Ils y voient un attachement trop fétichiste à des emblèmes qui ne seraient que l’expression d’un sentiment de supériorité sur le justiciable. L’hermine du juge, en effet, n’est-elle pas aussi douce qu’inaccessible ? Par ailleurs, aujourd’hui, la justice managériale et le process judiciaire ont tendance à reléguer au second plan les symboles du procès. D’autres, au contraire, insistent sur l’importance des symboles qui sont bien plus que des signes extérieurs ou des ornements : ils expriment la gravité du moment judiciaire.
Au-delà de leur simple apparence, les symboles judiciaires sont consubstantiels au procès et à ses grands principes tels que l’impartialité du juge, les droits de la défense, le principe du contradictoire et la publicité.

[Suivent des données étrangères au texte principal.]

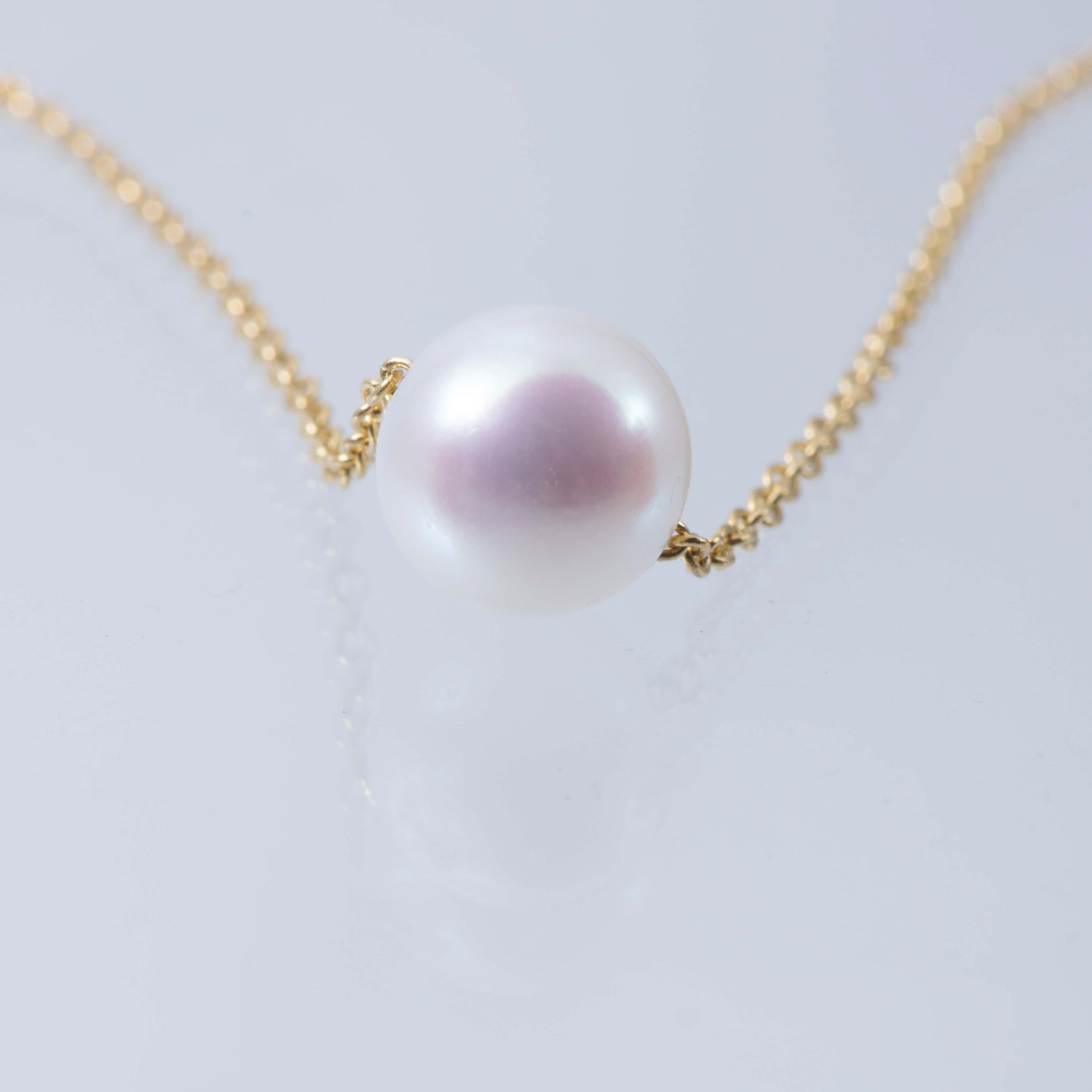 Floating Polo Ball Gold Necklace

L’étude du procès à travers ses symboles s’enrichit de celle des symboles à travers leurs représentations. De la justice aux yeux bandés de Dürer au tribunal de grande instance de Nantes conçu par l’architecte Jean Nouvel, les artistes ont donné leur vision de la justice et ont façonné le procès à travers leurs multiples regards. Parfois à un tel point que notre propre vision du procès, sauf à en avoir été acteur, n’est pas directe : elle est issue de ses représentations, notamment littéraires ou cinématographiques.
Le cinéma et la littérature ne s’intéressent d’ailleurs pas exclusivement aux symboles du procès, mais décrivent plus largement le fonctionnement et le quotidien de la justice. Par le prisme d’histoires singulières, la justice se montre alors à découvert et nous dévoile une part de son étrangeté. D’autres représentations permettent aux symboles du procès d’acquérir une pleine existence grâce aux oeuvres ; les symboles font corps à la fois avec l’oeuvre d’art et l’oeuvre de justice : ainsi en est-il du Palais de justice.